It’s the 1990s and the Lowes, an American family, have just relocated to Prague. Alden, the husband, is working at the Ministry of Finance, while his wife Becky gives advice to women who want to start a business, and their daughter Julie tries to resettle in Europe, studying Czech with very poor results and seducing her father’s staff. Things seem rather boring for them, even living in a castle and organising a huge party can be massively tedious, yet a big change is awaiting them. Becky will soon leave her family behind to reach her former lover William who is now living in Gaddafi’s Libya; Alden’s staff, in the meantime, moves into the castle, turning it into an office and into their temporary home.

Though A Way from Home, Nancy Clark's second novel and follow-up to The Hills at Home (the first instalment of the Hill trilogy), seems to have a stereotypical plot - the love triangle of husband-wife-lover - the way it’s told enchants the reader.

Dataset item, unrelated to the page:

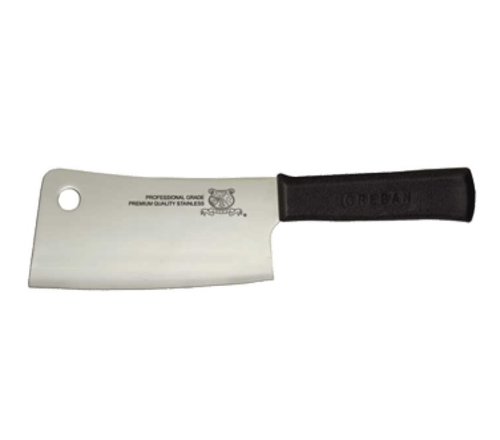 Omcan Canada Smallwares Each Omcan 10548 6" Stainless Steel Cleaver with Polypropylene Handle | Denson CFE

Clark, who’s been compared to Jane Austen for the way she uses irony, describes in detail what her characters see, or the places they live in, and though, at times, you’d hope she would use fewer erudite quotes and highfalutin expressions, her prose is usually quite pleasant to read and gives an epic tone to her characters’ lives. The castle is in itself an epic place where history was made and where the Lowes are trying to make their own history, while Becky and William’s love story colludes with history.

Indeed, while in Libya, the couple will go to live in an ancient villa where Becky finds a book collecting the letters of a Roman lady who lived a romance very similar to her own, while William dedicates his free time to digging around the villa, trying to find archaeological ruins. Moving from Prague to Italy – the place where Alden, Becky and William went on a holiday while they were young and hip, and the country Becky drives through to join her love – to Libya and back to Prague, the plot of A Way from Home develops, revealing the truths and secrets behind the various characters and showing how there’s nothing more “undignified, ill-timed, unforgiveable, inevitable,” to use Julie’s words, than love.

Readers will have to wait for July and August, Clark’s next book, on which she’s already been working, to know more about the Hills and their saga. This lengthy tome will anyway manage to entertain them at least until that next novel comes out.